La Commissione europea ha chiesto all'Italia di adeguare la legislazione nazionale alle norme europee in materia d
i rifiuti del settore estrattivo, entro due mesi. In caso contrario, la Commissione potrebbe adire la Corte di giustizia dell'Unione europea.
La
direttiva sui rifiuti delle industrie estrattive ha come obiettivo quello di prevenire e ridurre gli effetti dei rifiuti di tali industrie
sulla salute umana e sull'ambiente. La direttiva stabilisce che una struttura di deposito dei rifiuti estrattivi debba avere un'autorizzazione operativa che prevede di un piano di gestione dei rifiuti.
Le strutture che presentano un rischio potenziale per la salute umana o l'ambiente sono tenute a redigere
un piano di emergenza interno ed esterno per prevenire incidenti gravi e prevederne le possibili conseguenze per la salute umana e l'ambiente.
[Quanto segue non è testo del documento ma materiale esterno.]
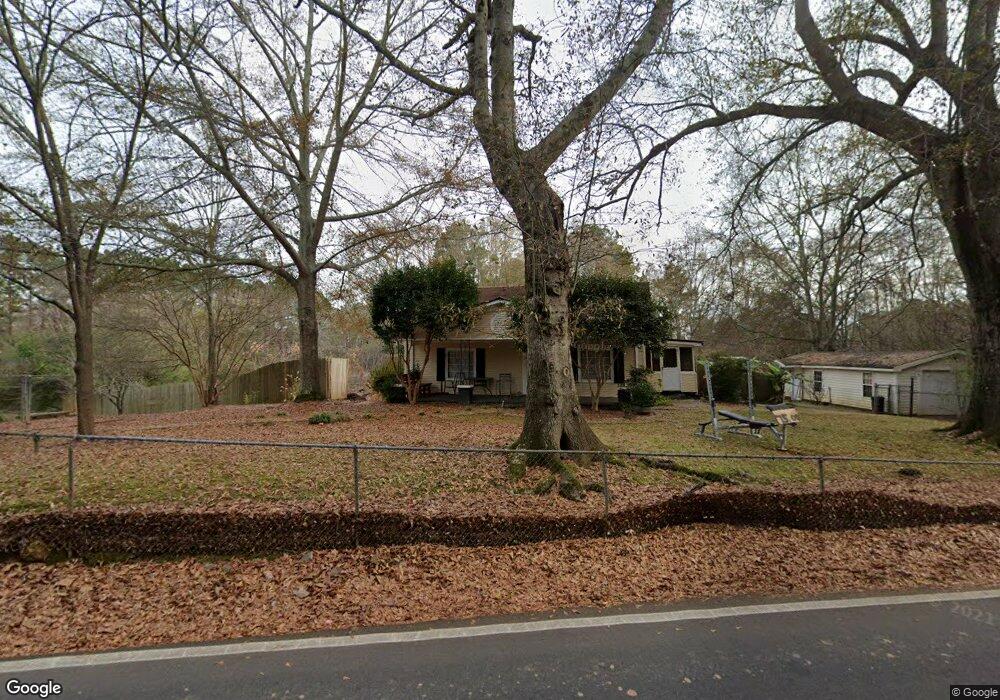1447 Railroad Ave, Sugar Hill, GA 30518 - photo 1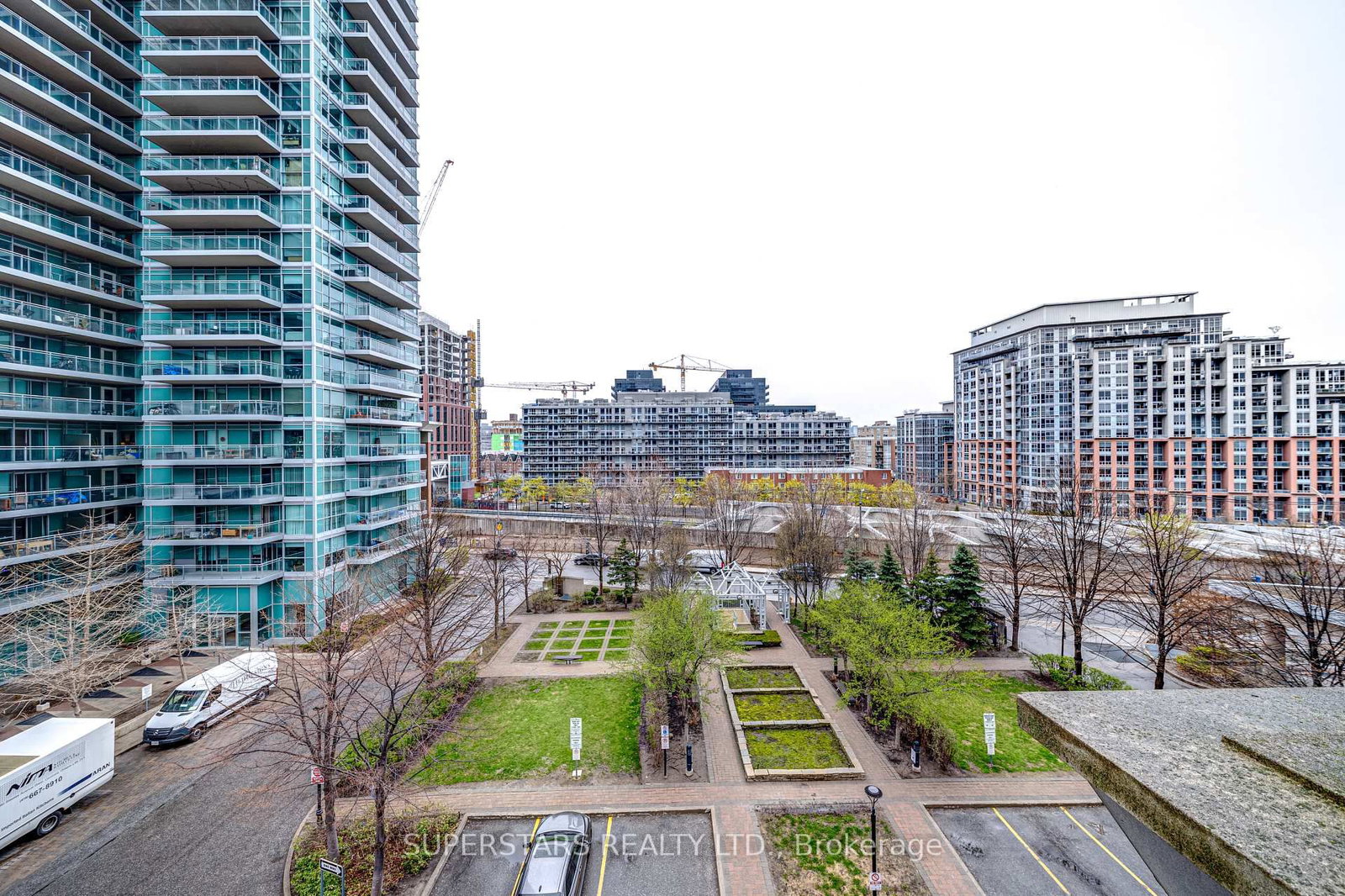50 Lynn Williams Street, Unit 506 - Photo 17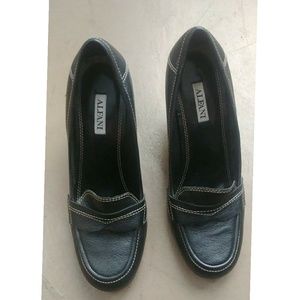 Brand New Alfani Shoes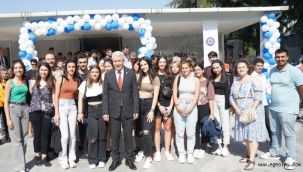 EÜ’de “Öğrenci Odaklı” uygulamalara yenileri ekleniyor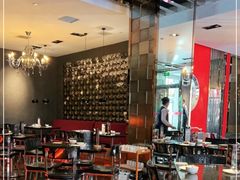 大堂-小资太太餐厅(南岗区店)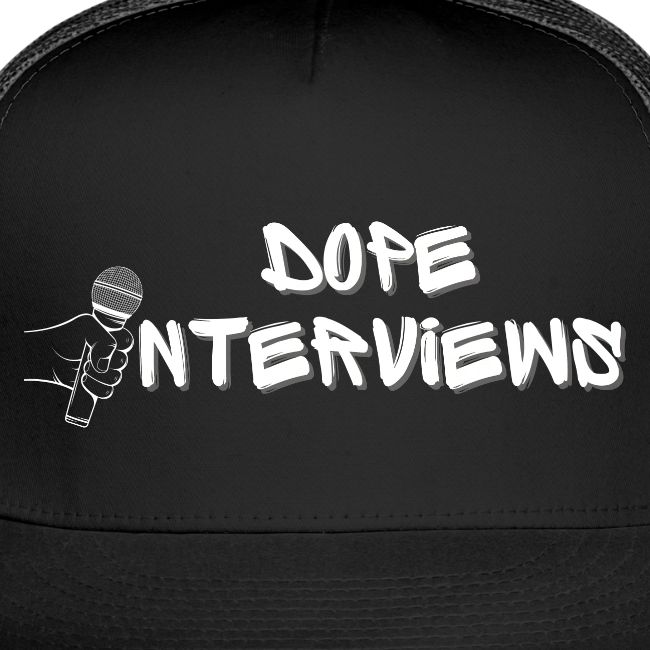 Dope Interviews with Warren Shaw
La direttiva riguarda un gran numero di strutture di deposito dei rifiuti delle industrie estrattive, tra i quali i rifiuti inerti, i rifiuti pericolosi come i residui di bauxite (fango rosso) o dell'estrazione dell'oro (contenenti cianuro), i residui di carbone, i rifiuti di uranio e quelli provenienti dall'estrazione petrolifera di terra.
E così, mentre molte disposizioni della direttiva sono state recepite correttamente nella legislazione nazionale, la Commissione
ha individuato alcune carenze indicate in una lettera di costituzione in mora inviata all'Italia nel marzo 2011.
Le carenze individuate riguardano settori quali
l'informazione al pubblico, il trattamento dei vuoti di miniera, la manutenzione successiva alla chiusura nonché lo scambio di informazioni con altri Stati membri in caso di incidente. L'Italia ha informato la Commissione che nell'estate 2011 sarebbe stato adottato un progetto di decreto volto a emendare la legislazione nazionale, ma la procedura di adozione è stata inaspettatamente bloccata dal Parlamento italiano e non è stata corretta nessuna delle carenze individuate dalla Commissione.